**Problem requirements**
When you reach the line containing "吞拿牛油果饭团的做法步骤：2", begin reproducing the material exactly, stop after the line containing "autodrive_1957_ford_fairlane_pink.jpg", and leave out any pictures along the way.

**Records supplied**

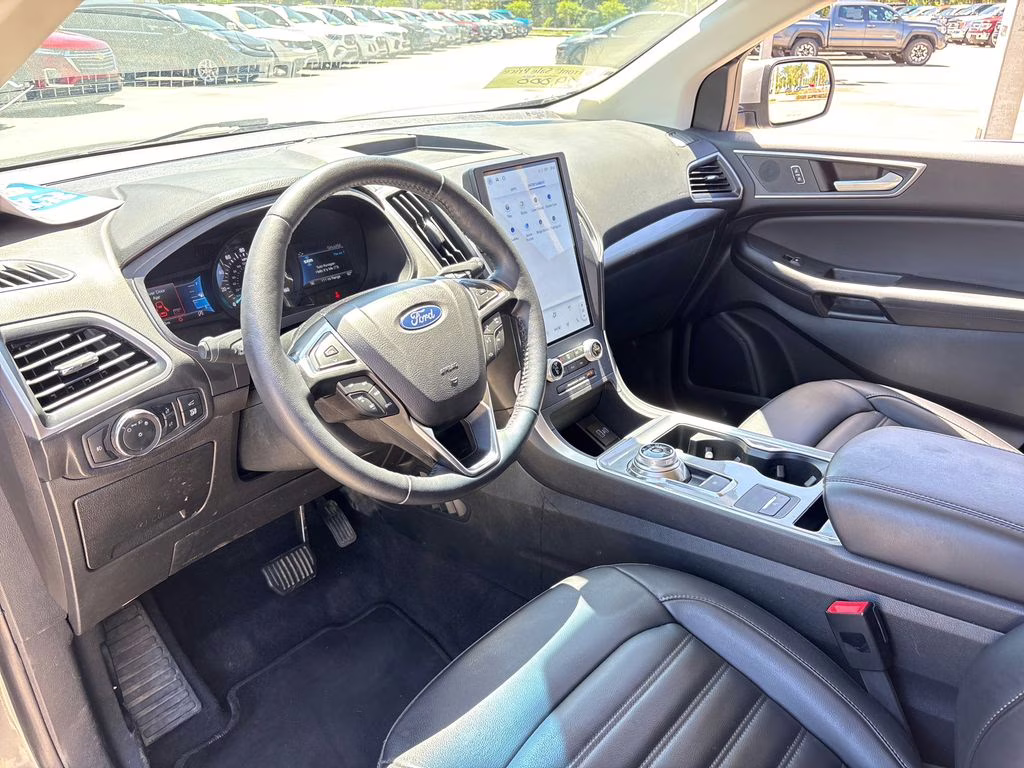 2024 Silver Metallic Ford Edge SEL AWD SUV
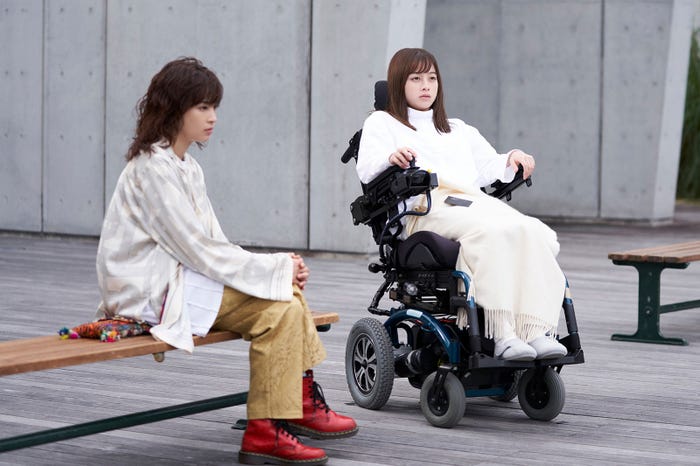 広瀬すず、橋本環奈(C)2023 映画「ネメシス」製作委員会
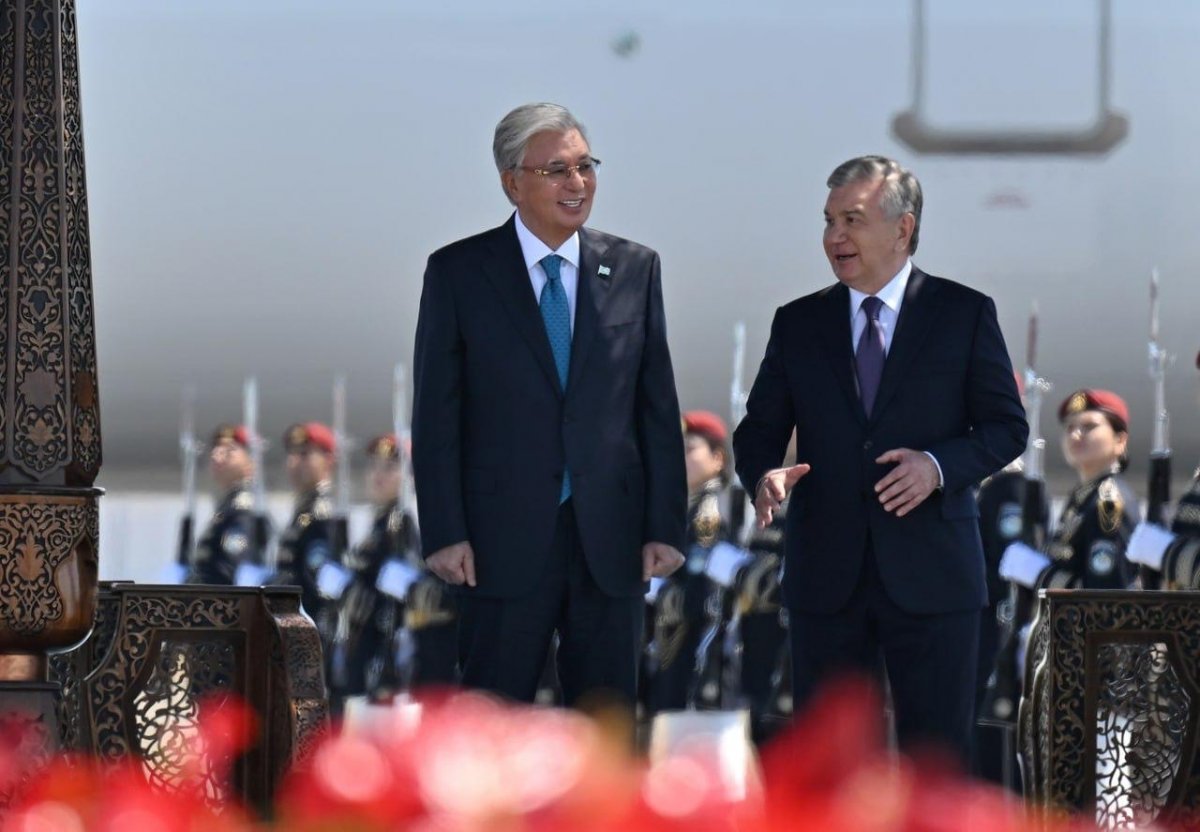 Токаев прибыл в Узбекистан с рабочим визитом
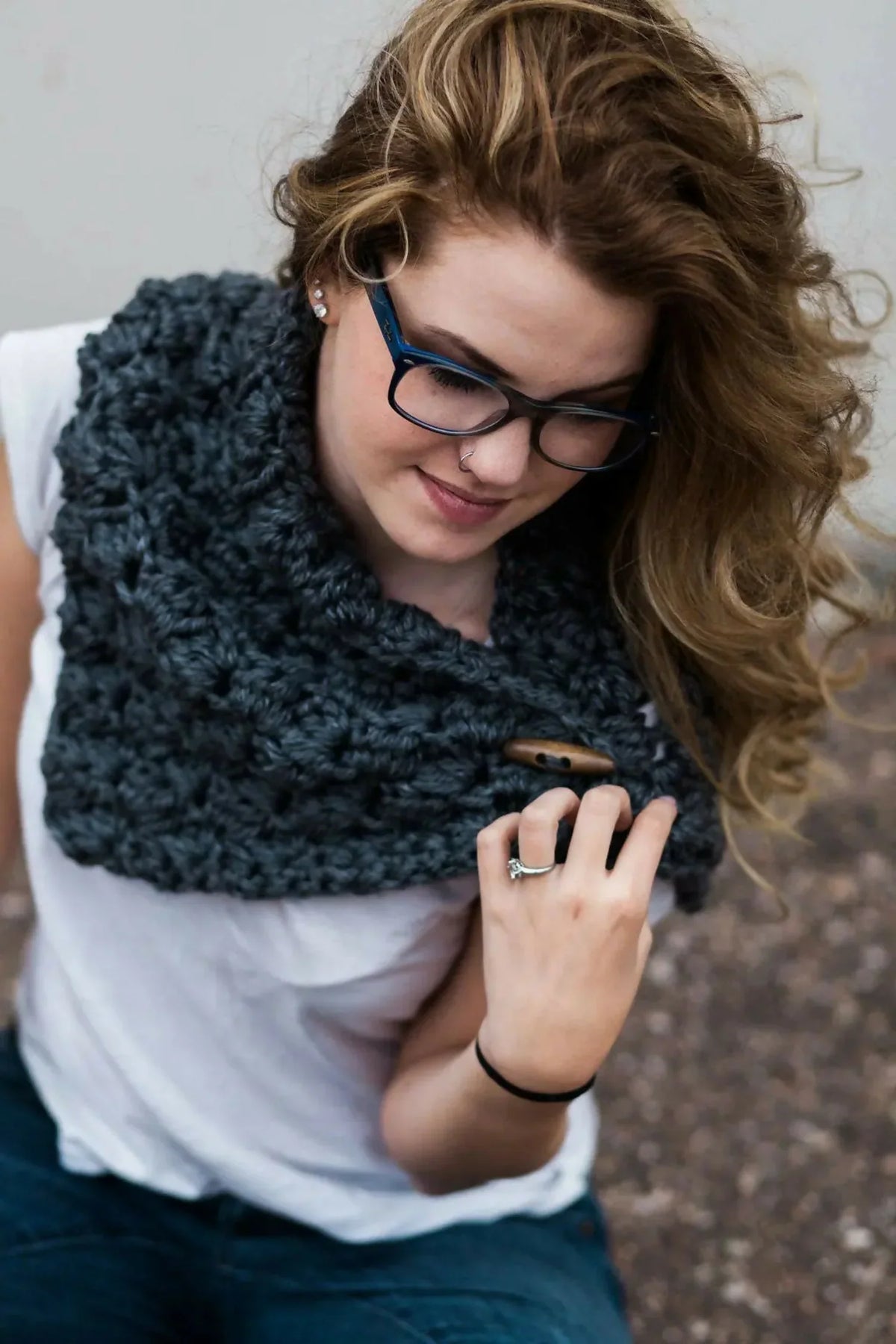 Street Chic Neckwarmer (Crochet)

---

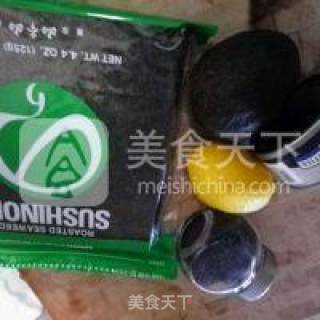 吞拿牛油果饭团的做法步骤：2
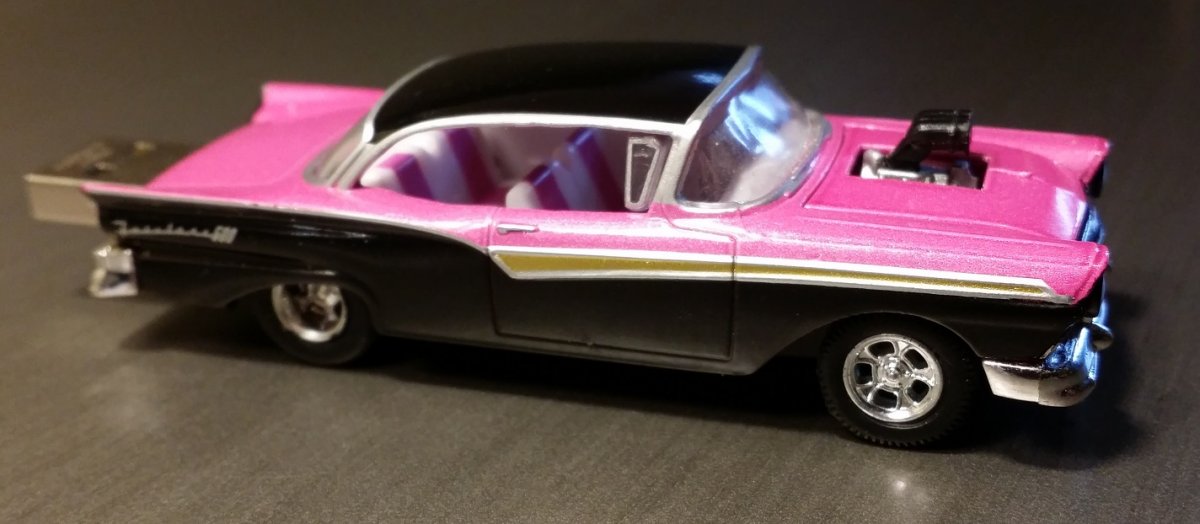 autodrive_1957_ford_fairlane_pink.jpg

**Answer to the problem**
 吞拿牛油果饭团的做法步骤：2
 autodrive_1957_ford_fairlane_pink.jpg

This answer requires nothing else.